*** Block opens ***

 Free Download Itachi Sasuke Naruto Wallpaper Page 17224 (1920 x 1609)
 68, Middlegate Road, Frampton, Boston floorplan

*** Block closes ***
*** Block opens ***

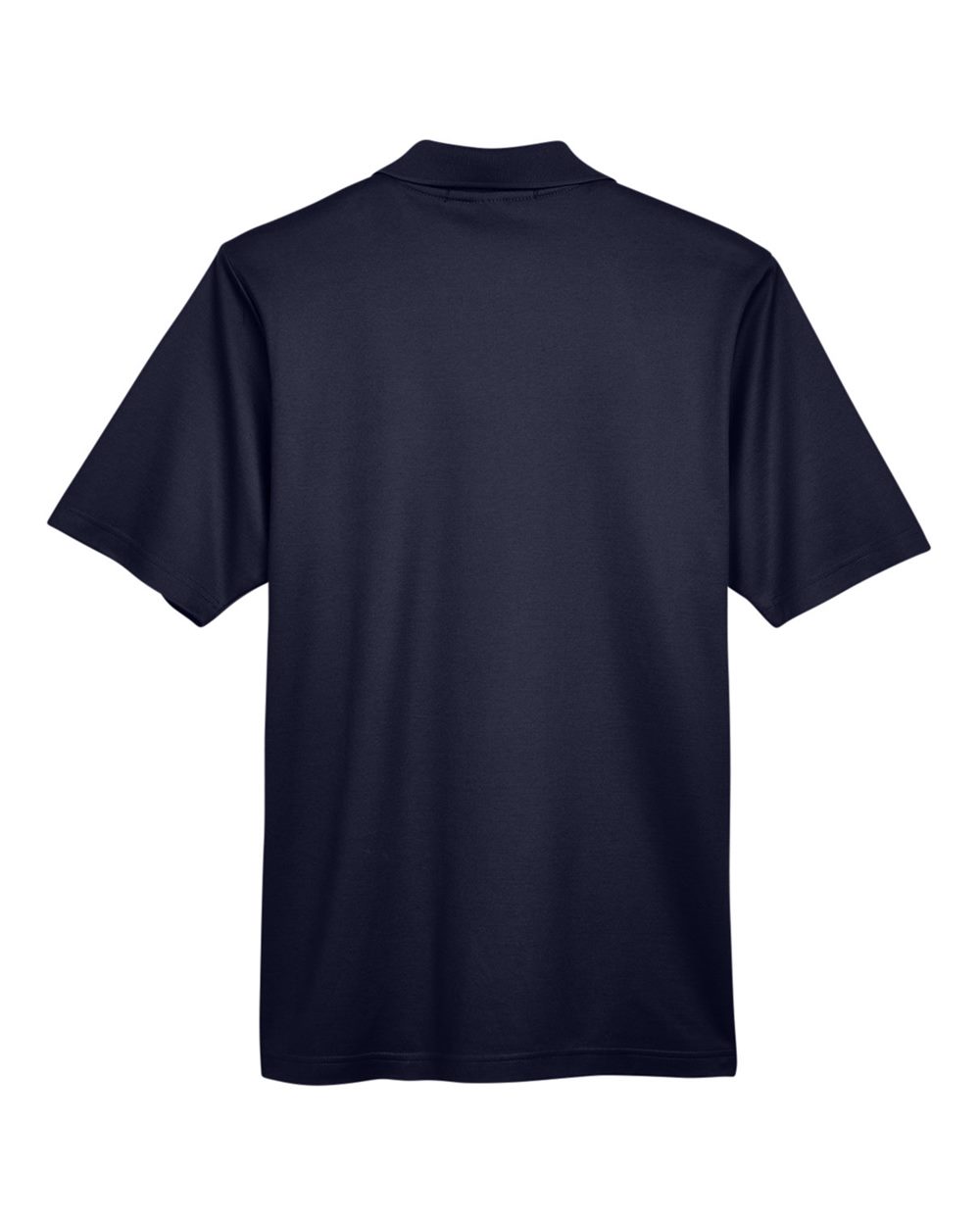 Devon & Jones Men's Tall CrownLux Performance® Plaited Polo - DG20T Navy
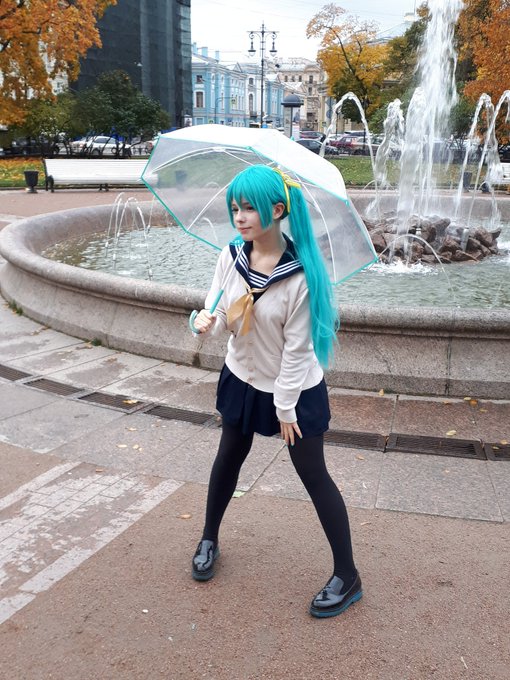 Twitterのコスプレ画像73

*** Block closes ***

Exercise description ▸
Return the stretch of data that begins with the line showing "Devon & Jones" and goes on through the line showing "Twitterのコスプレ画像73", exactly, with pictures removed.

Result for this task ▸
 Devon & Jones Men's Tall CrownLux Performance® Plaited Polo - DG20T Navy
 Twitterのコスプレ画像73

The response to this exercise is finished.